Ich glaube, du kannst Karsten schon zutrauen, dass er einzelne Akte der Gewalt im Zusammenhang betrachten kann. Ob da jeweils immer einer ist, ist eine andere Frage. Wo Notwehr aufhört und simple Rache anfängt, kann schon von Betrachter zu Betrachter unterschiedlich sein.

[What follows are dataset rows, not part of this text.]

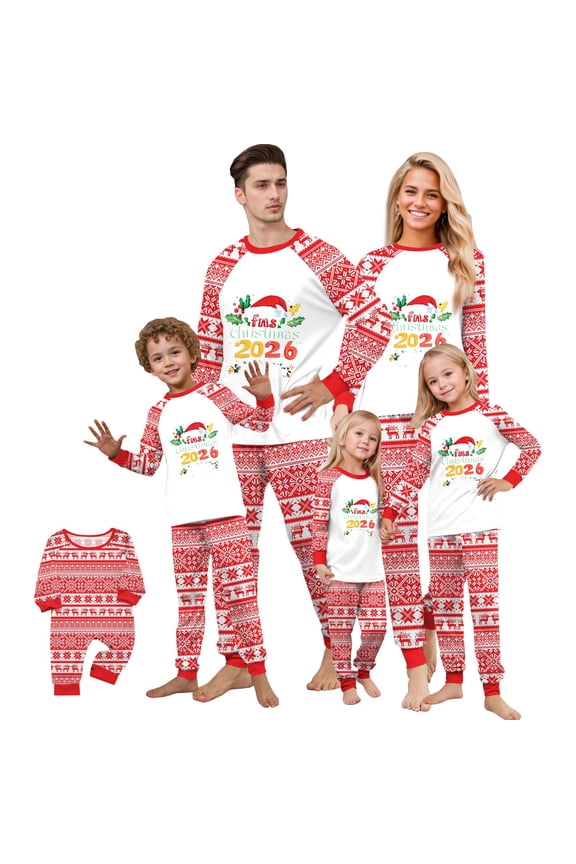 Family Christmas Pajamas Matching Sets – Red & White Snowflake Long Sleeve Tops and Pants with “Merry Christmas 2026” Letter Print, Holiday Xmas PJs Sleepwear for Couples, Men, Women, Adults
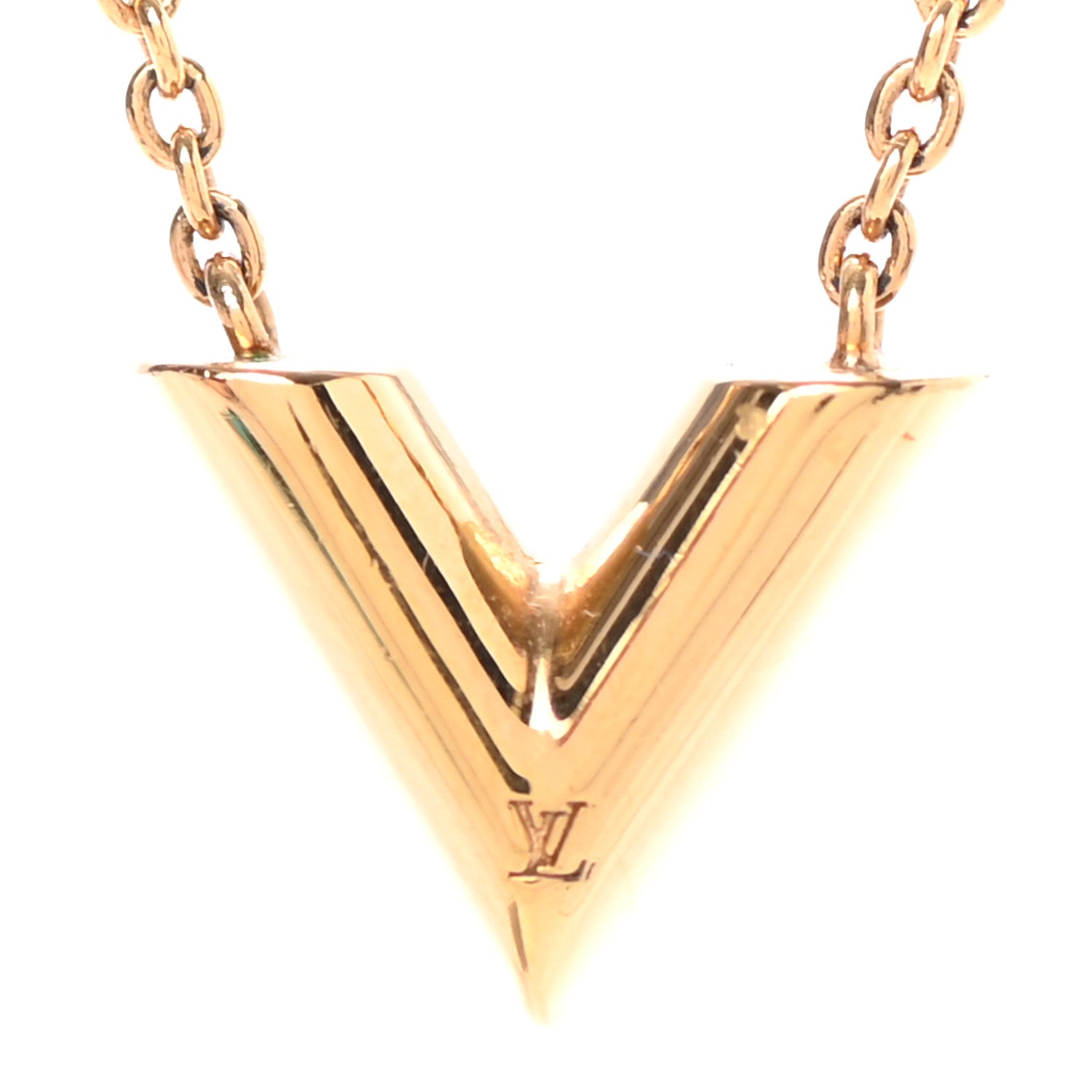 Louis Vuitton Essential V Necklace Gold 5 of 5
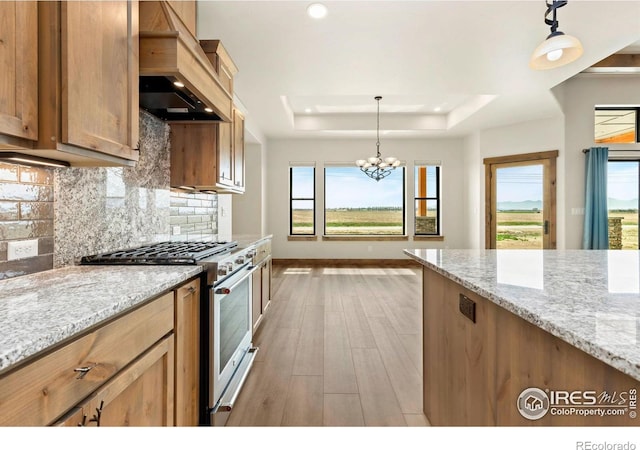 kitchen with a raised ceiling, light wood-type flooring, stainless steel stove, custom range hood, and decorative backsplash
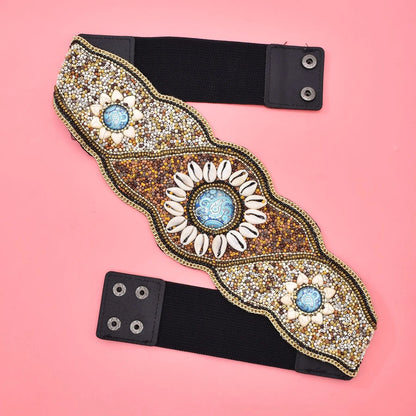 Luxurymania24 Hand-Beaded Boho Flower Waist Belt For Women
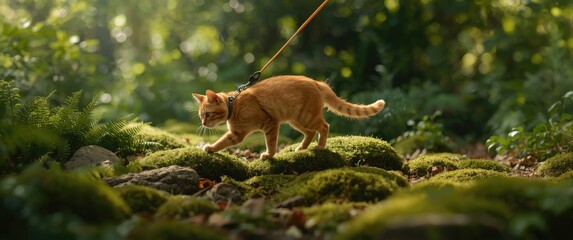 A leash-walking ginger cat explores lush forest terrain, stepping over mossy rocks amid dense greenery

Comment von Rayson — 29. 6. 2006 @ 16:26
“Warum muss der israelische Staat immer ein leidender, erduldender sein, um unsere Sympathien zu haben? Die Palästinenser zahlen jetzt den Preis für ihre eigenen Entscheidungen, that’s life!”
@ Martin S. Hagen
Aha die 1,4 Millionen Palaästineser zahlen jetzt für den Scheiss den die syrische Hamas angerichtet hat. Da stehen Ursache und Wirkung aber nicht ganz zusammen. Das ist ungefähr so wie wenn die Irake für die Verbrechen der Al-Kaida zahlen, das gibt nicht wirklich Sinn. Den zu bestrafen den man am einfachsten kriegen kann ist nicht direkt Gerechtigkeit
“4. Das Völkerrecht gilt sowieso nur, wenn es gegen Israel oder die USA in Stellung gebracht werden kann. Ansonsten ist es den Anklägern vom Schlage eines njus schnurzpiepegal.”
@Boche
Warum werden in Den Haag dann immer nur Serben und Kosovoalbaner angeklagt? Dort wurde noch NIE ein israelischer Soldat angeklagt. Und US-Soldaten können ausserdem gar nicht wegen Verstösse gegen das Völkerrecht angeklagt werden. Palästineser können dort auch nicht angeklagt werde da man sie wegen Staatenlosigkeit erst gar nicht in die EU holt.
Comment von Njus — 29. 6. 2006 @ 18:22
“Aha die 1,4 Millionen Palaästineser zahlen jetzt für den Scheiss den die syrische Hamas angerichtet hat.”
Nun, die armen Palästinenser sind ja nicht ganz so wie die Jungfrau zum Kinde gekommen. Die Hamas ist nicht syrisch sondern ur-palästinensisch.
Und die unglaublichen Mordtaten der verschiedenen der diversen Terrorgruppen finden in der Bevölkerung ja anscheinend mehrheitliche Zustimmung.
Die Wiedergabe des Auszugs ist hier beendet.